How can I read LEARNING PROBABILISTIC MODELS OF WORD SENSE DISAMBIGUATION Approved by on my mobile device?

After downloading LEARNING PROBABILISTIC MODELS OF WORD SENSE DISAMBIGUATION Approved by PDF, you can open it with any PDF reader app on your phone or tablet. We recommend using Adobe Acrobat Reader, Apple Books, or Google Play Books for the best reading experience.
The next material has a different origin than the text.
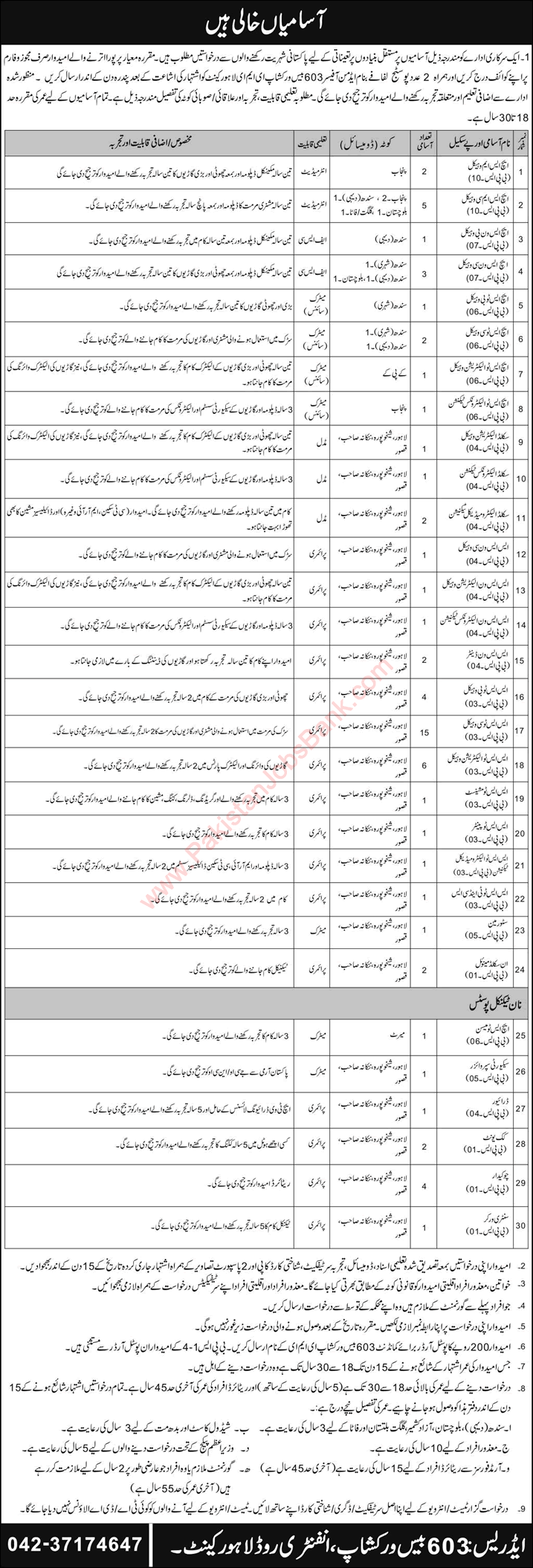 603 Base Workshop EME Lahore Jobs 2023 April Semi / Highly Skilled Technicians & Others Latest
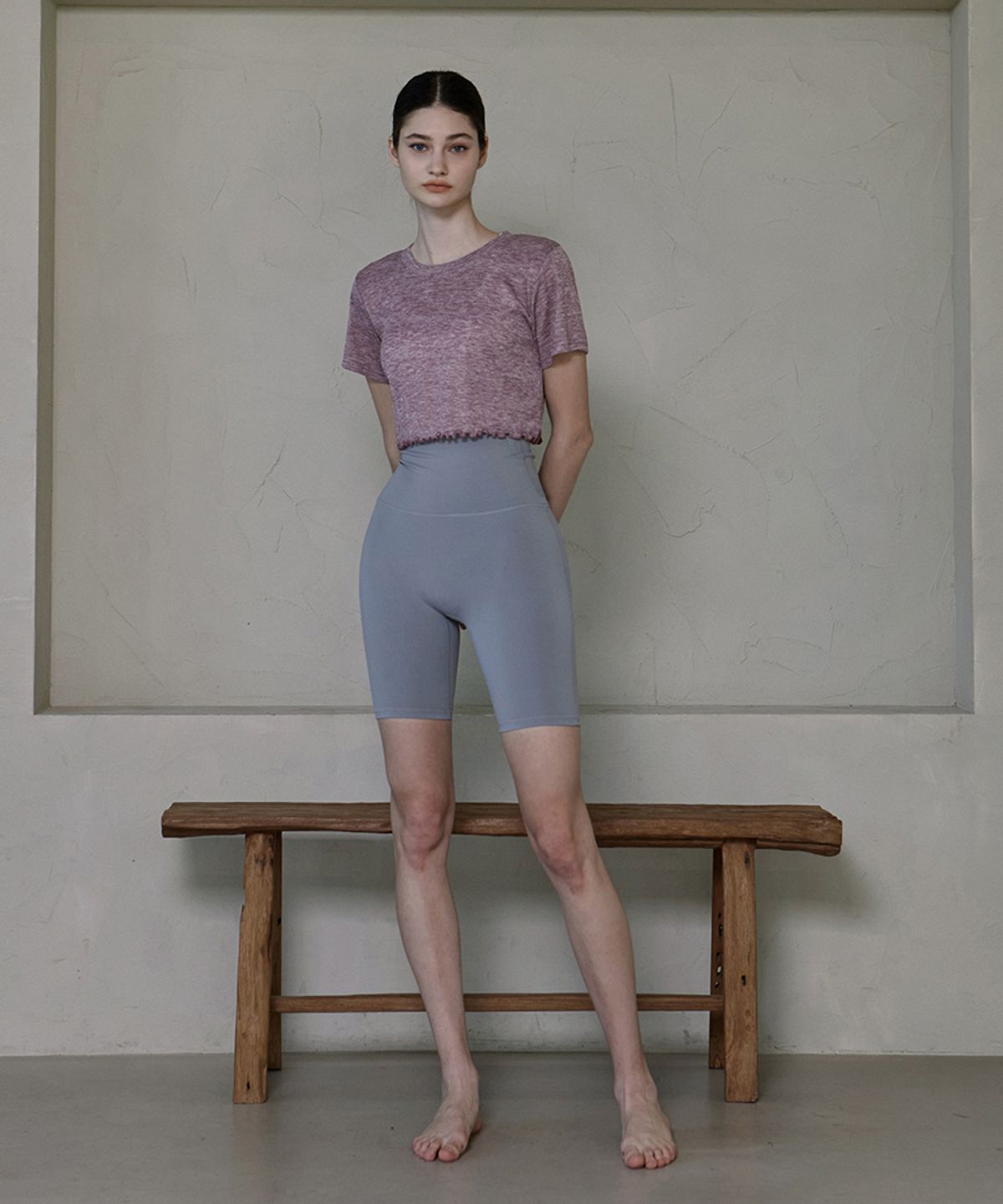 데비웨어(DEVIWEAR) 여성 요가복 DEVI-T0018-미스트 핑크 필라테스 뉴웨이브 홀릭크롭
Is this the full version of LEARNING PROBABILISTIC MODELS OF WORD SENSE DISAMBIGUATION Approved by?

Yes, this is the complete PDF version of LEARNING PROBABILISTIC MODELS OF WORD SENSE DISAMBIGUATION Approved by by Unknow. You will be able to read the entire content as in the printed version without missing any pages.

Is it legal to download LEARNING PROBABILISTIC MODELS OF WORD SENSE DISAMBIGUATION Approved by PDF for free?

https://PDFdrive.to provides links to free educational resources available online. We do not store any files on our servers. Please be aware of copyright laws in your country before downloading.

The materials shared are intended for research, educational, and personal use in accordance with fair use principles.